TOKYO -- Amazon continues to trail its China-backed rivals in Southeast Asia despite the launch earlier this month of its first online store in Singapore.
More than two years after Amazon entered the region by making its members-only Prime service available to Singapore residents, the U.S. e-commerce leader ranks a distant 12th behind more established rivals, including Alibaba-owned Lazada, Qoo10 and Shopee, when it comes to unique visits to its shopping platform.
"Our strategy is 'shoppertainment,'" James Chang, CEO of Lazada Singapore, the region's top online retailer, told the Nikkei Asian Review. Lazada sees around 7.8 million monthly visits to its website, compared with less than 300,000 for Amazon, according to data by iPrice Group.
In contrast to Amazon, which encourages users to shop as fast as they can, Chang said Lazada wants "to make it more enjoyable and allow customers to spend more time" on its platform. "I would say there's a difference in terms of the philosophy of the shopping," he said.
Amazon reported its first profit decline since 2017 last week. Its net profit fell 26% versus the third quarter of last year to $2.1 billion due to higher logistics investment costs. The company has been spending to expand its footprint across Southeast Asia. It sent a team to Vietnam this month to help local vendors sell through Amazon's international store, with rumors that the company is in talks to buy a stake in Indonesian ride-hailer turned super app, Gojek.
With 360 million internet users in the region, 90% of whom are connected through their mobile phones, Southeast Asia's online economy hit $100 billion for the first time this year, according to a report published earlier this month by Google, management consultancy Bain & Co. and Singapore state investment company Temasek.
The report forecasts the region's internet economy will triple to $300 billion by 2025, as e-commerce and ride-hailing "continue to beat the most optimistic of predictions."
Supporting Lazada's 'shoppertainment' strategy, the report found that when it comes to Southeast Asia, time spent on mobile apps directly correlates with revenue for online retailers and ride-hailers, whereas in developed markets such as the U.S., Europe and Japan, "frequent online buyers are less interested in spending time online."
Singaporean e-commerce platform Shopee, which is backed by China's Tencent, the country's third most visited online retailer, says it has fully embraced the idea that the longer shoppers stay on the platform, the more money they will spend.
In addition to previously waiving commissions for sellers, it has worked to keep customers on the platform: It offers games, quizzes and live streaming videos to serve a population that spends more and more time on mobile phones.
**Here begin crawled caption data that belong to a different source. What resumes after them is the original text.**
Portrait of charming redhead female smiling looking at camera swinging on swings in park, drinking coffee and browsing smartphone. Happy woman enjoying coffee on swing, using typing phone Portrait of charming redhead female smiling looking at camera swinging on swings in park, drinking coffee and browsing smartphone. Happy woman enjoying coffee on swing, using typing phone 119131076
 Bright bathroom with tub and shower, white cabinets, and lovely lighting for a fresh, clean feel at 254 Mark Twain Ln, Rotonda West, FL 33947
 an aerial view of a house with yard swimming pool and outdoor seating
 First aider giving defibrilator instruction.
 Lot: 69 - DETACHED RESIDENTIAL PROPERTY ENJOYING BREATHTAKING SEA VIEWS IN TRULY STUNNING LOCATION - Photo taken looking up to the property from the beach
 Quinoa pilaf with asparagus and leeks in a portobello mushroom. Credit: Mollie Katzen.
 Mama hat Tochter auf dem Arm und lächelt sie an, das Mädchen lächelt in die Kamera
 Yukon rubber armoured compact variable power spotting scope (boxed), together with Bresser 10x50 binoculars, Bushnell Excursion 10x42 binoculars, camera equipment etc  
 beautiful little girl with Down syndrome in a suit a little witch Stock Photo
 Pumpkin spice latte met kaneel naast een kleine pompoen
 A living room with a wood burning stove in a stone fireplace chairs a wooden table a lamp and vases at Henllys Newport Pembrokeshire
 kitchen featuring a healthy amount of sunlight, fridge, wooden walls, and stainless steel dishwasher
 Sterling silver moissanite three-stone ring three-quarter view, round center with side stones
"We designed the Shopee experience to be highly engaging and social by pioneering in-app live chats, games and social features in our region," said Zhou Junjie, chief commercial officer at Shopee. "Consumers want a mobile-centric and highly social shopping experience," he added.
With more than 95% of its orders coming from mobile users, Shopee, which has surged in popularity since its 2015 launch, is betting that by enhancing in-app experiences it can not only keep users online longer but also keep them coming back.
Although Amazon has been slow to catch on, it is too early to write off the world's largest e-commerce marketplace in Singapore or the region, said Aparna Bharadwaj, a partner at Boston Consulting Group.
Singapore's lower entry hurdles for foreign e-commerce players compared with the rest of Southeast Asia will also benefit Amazon, Bharadwaj said, adding that companies need to invest less effort into logistics in Singapore compared to neighboring countries such as Indonesia with less developed infrastructure.
Bharadwaj said that Amazon's deep pockets will also help it overcome problems such as traffic jams and low credit card penetration, crucial factors when it comes to increasing market share across Southeast Asia.
Gervasius Samosir, a partner at Asia-focused consultancy YCP Solidiance, added that Amazon's natural advantages, such as its "ability to provide more international selection from trusted sellers, paired with fast and reliable delivery," will also boost the company's prospects in Singapore.
Amazon "should develop a distinct strategy and act locally" to win a significant presence in Southeast Asia, Samosir said.
Lazada, which mainly employs an "Alibaba strategy" -- where the company does not own the sellers' inventory -- also believes Amazon's presence will be good for business.
"Having more competition, especially players like Amazon, which is a very large organization -- it helps us to really stimulate the market," said Lazada's Chang.
After acquiring online grocer RedMart in 2016, Lazada has also expanded its lineup of fresh food. Earlier this year, Lazada integrated RedMart into its online platform, making it possible for shoppers to order RedMart products.